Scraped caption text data

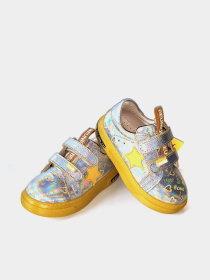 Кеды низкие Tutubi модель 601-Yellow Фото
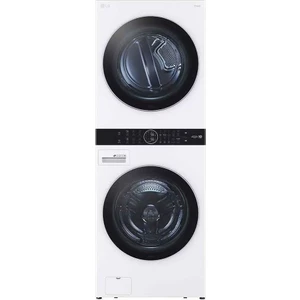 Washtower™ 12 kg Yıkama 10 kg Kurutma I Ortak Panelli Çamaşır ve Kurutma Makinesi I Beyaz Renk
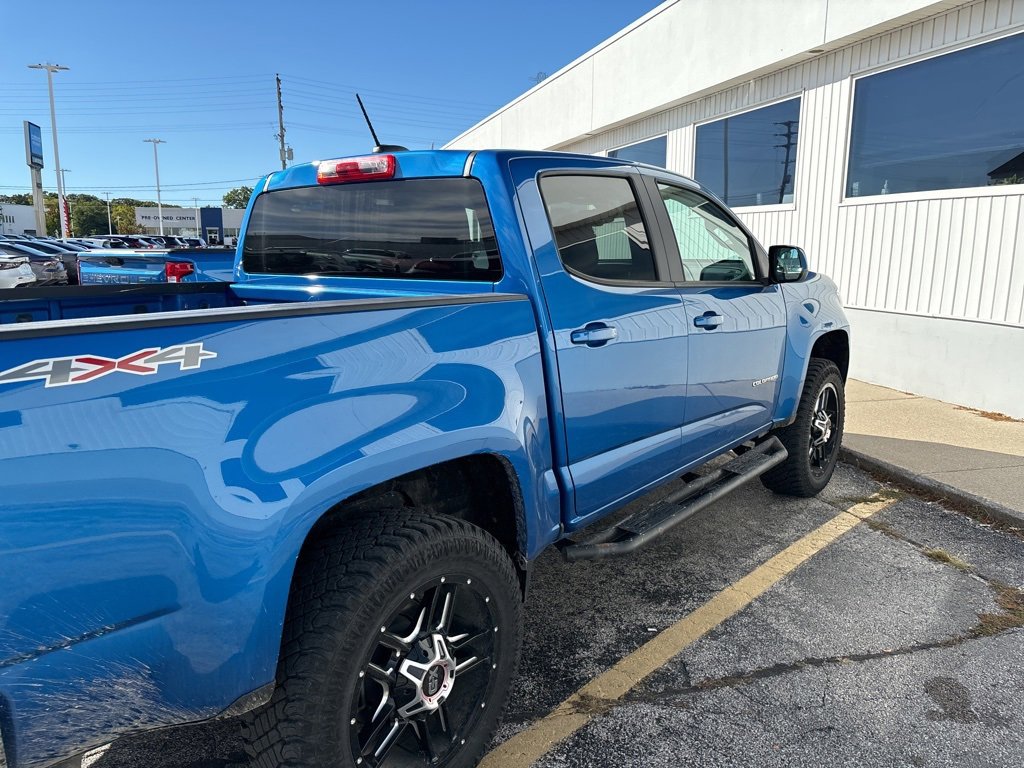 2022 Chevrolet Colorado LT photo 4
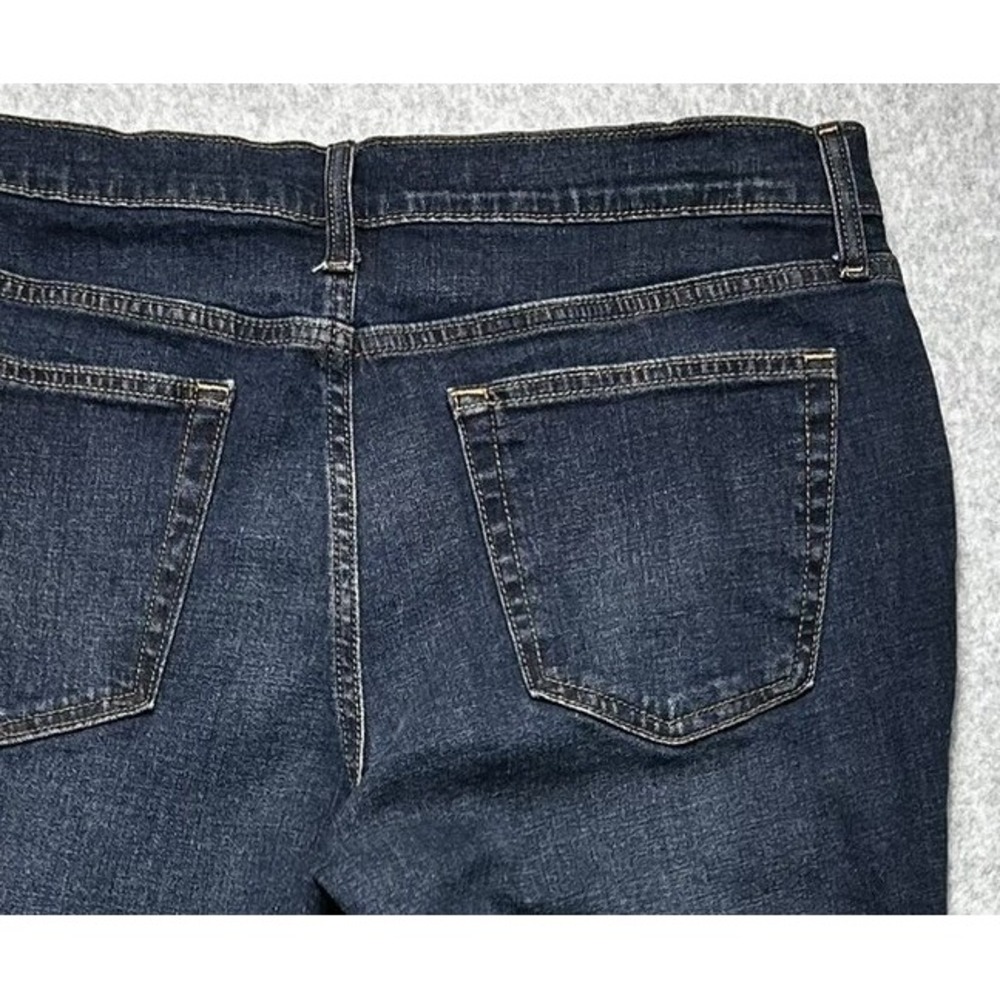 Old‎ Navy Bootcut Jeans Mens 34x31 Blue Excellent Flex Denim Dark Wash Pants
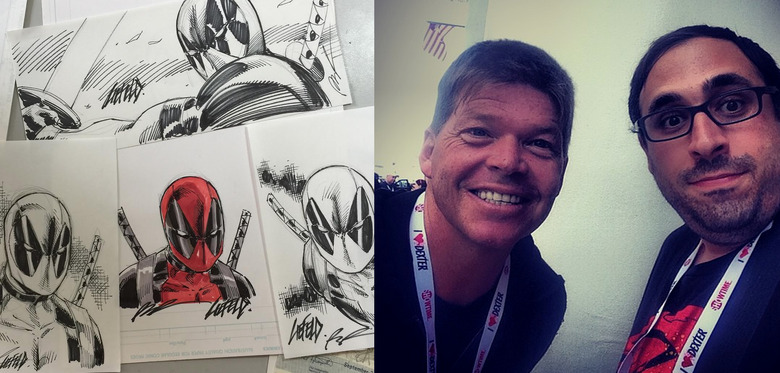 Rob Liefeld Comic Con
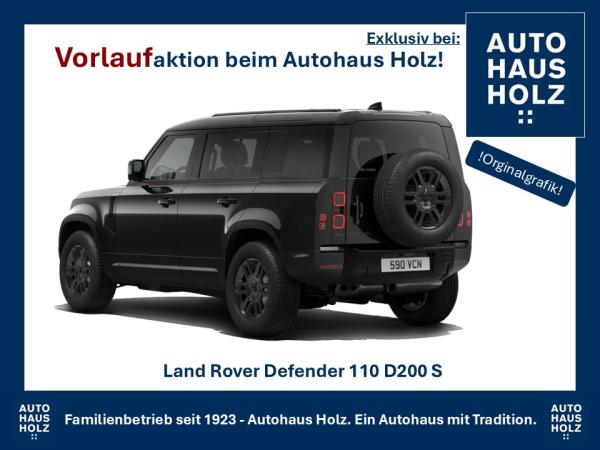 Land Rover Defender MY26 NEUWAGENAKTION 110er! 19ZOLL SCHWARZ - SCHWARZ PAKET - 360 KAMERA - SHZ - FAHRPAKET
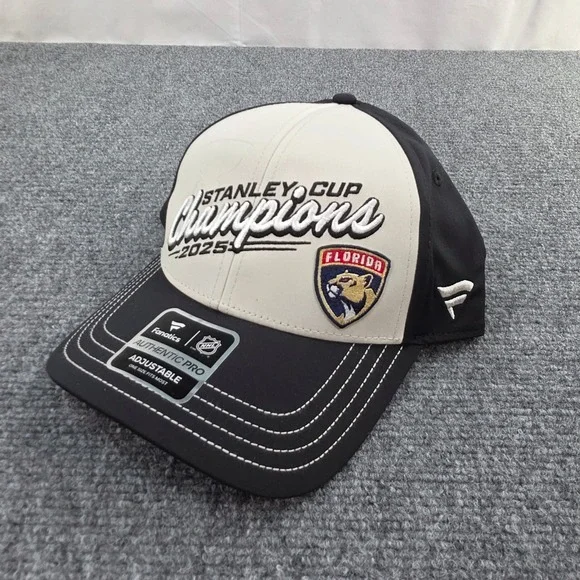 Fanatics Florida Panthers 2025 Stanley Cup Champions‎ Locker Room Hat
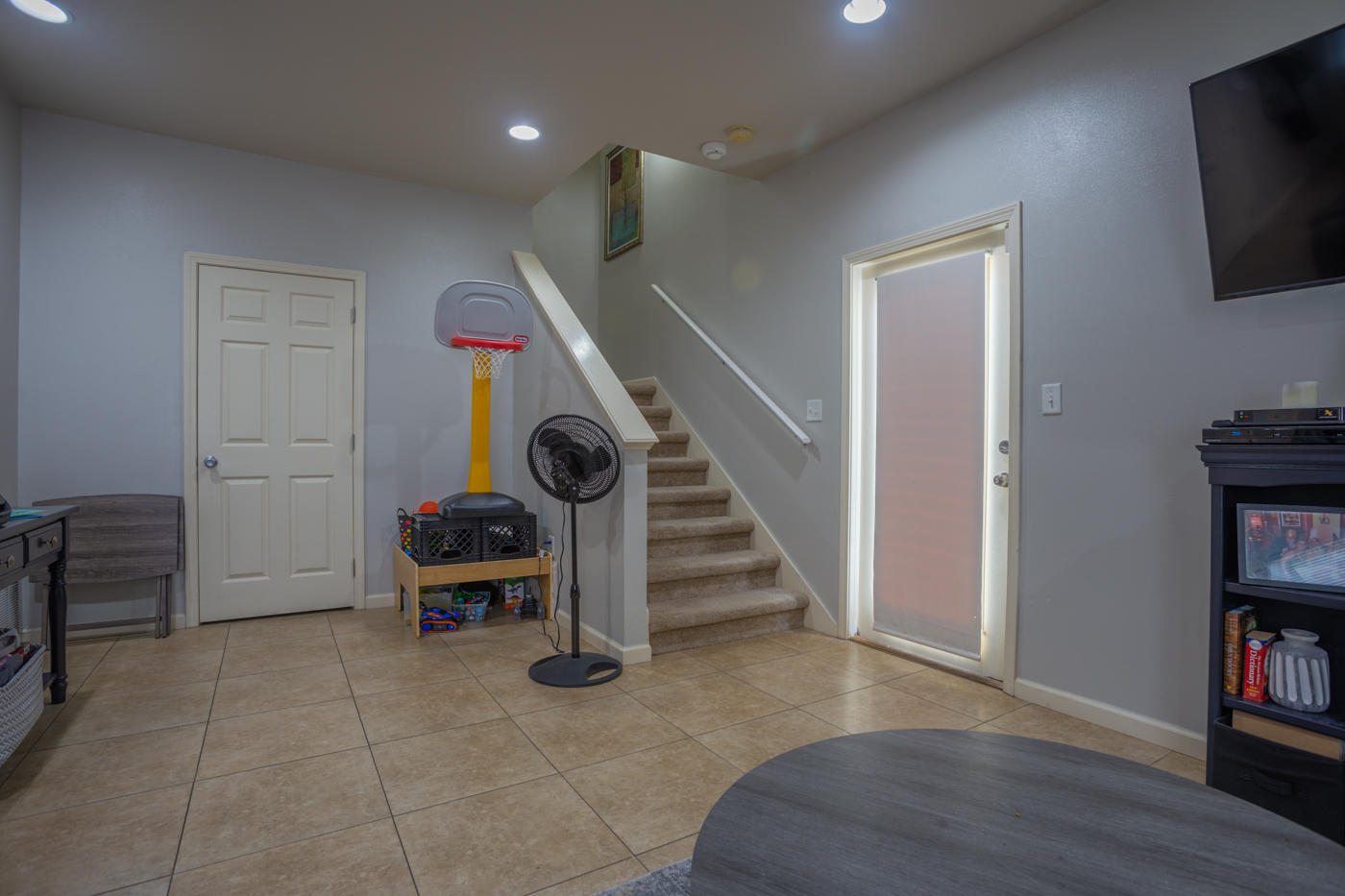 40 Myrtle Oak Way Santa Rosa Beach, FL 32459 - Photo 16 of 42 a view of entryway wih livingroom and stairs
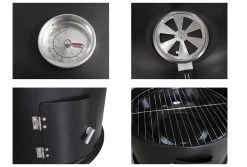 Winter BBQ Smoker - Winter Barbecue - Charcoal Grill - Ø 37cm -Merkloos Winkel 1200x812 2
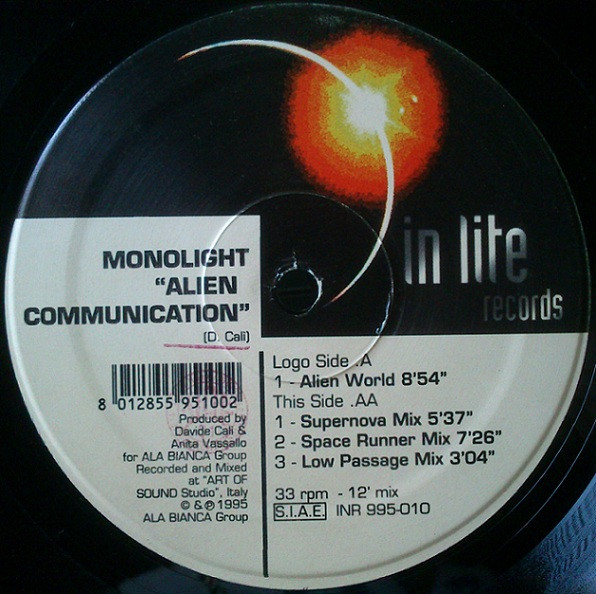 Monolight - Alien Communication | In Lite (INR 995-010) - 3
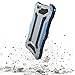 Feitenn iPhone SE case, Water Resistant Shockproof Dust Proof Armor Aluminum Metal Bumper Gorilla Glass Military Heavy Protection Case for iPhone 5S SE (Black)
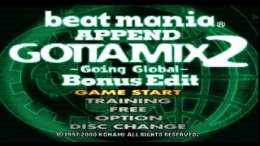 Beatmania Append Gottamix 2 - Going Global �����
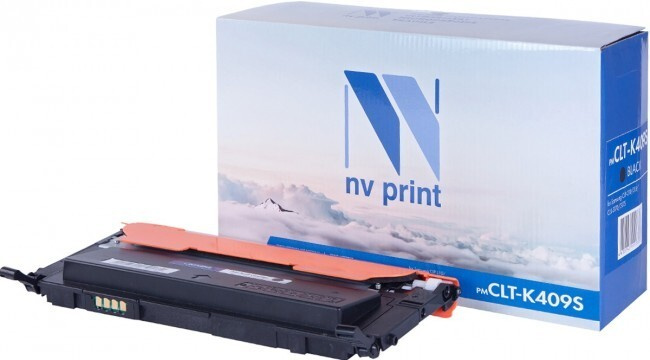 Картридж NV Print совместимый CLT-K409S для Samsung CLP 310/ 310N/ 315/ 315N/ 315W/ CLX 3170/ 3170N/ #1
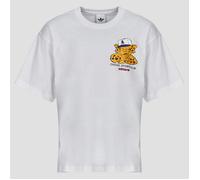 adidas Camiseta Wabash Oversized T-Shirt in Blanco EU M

EXERCISE AIM: Look above for the line with "Monolight - Alien" and the line with "Картридж NV Print", then restate exactly those two lines and all lines between them, with no pictures.

RESPONSE TO THIS TASK:
 Monolight - Alien Communication | In Lite (INR 995-010) - 3
 Feitenn iPhone SE case, Water Resistant Shockproof Dust Proof Armor Aluminum Metal Bumper Gorilla Glass Military Heavy Protection Case for iPhone 5S SE (Black)
 Beatmania Append Gottamix 2 - Going Global �����
 Картридж NV Print совместимый CLT-K409S для Samsung CLP 310/ 310N/ 315/ 315N/ 315W/ CLX 3170/ 3170N/ #1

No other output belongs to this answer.